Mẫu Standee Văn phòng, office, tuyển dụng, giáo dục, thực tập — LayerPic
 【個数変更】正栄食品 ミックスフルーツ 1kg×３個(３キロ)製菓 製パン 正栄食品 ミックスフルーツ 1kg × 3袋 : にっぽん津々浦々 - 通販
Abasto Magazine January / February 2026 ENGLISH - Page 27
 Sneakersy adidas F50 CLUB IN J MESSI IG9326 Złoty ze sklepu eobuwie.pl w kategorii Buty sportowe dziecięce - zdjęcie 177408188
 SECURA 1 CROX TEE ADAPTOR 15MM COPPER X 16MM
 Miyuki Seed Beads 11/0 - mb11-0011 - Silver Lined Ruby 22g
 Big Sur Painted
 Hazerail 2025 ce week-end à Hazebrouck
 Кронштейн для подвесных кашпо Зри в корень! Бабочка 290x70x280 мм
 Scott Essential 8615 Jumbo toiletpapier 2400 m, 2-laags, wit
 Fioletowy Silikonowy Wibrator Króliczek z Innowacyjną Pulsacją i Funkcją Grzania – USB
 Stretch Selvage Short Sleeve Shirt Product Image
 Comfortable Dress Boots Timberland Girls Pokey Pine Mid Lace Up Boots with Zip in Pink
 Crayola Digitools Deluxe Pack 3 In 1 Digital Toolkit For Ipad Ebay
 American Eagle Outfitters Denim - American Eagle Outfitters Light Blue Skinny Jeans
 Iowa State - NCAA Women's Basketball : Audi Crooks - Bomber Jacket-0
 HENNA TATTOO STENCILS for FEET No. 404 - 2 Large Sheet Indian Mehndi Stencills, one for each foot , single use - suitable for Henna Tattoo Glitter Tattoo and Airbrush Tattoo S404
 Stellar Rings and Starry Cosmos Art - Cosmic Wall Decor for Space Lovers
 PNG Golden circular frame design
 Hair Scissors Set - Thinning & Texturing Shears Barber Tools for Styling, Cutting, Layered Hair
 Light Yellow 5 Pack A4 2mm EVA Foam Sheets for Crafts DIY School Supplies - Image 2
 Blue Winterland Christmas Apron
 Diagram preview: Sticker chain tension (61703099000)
* * * * * * *
Wherever "Blue" occurs in the records above, copy the line it sits in.

 American Eagle Outfitters Denim - American Eagle Outfitters Light Blue Skinny Jeans
 Blue Winterland Christmas Apron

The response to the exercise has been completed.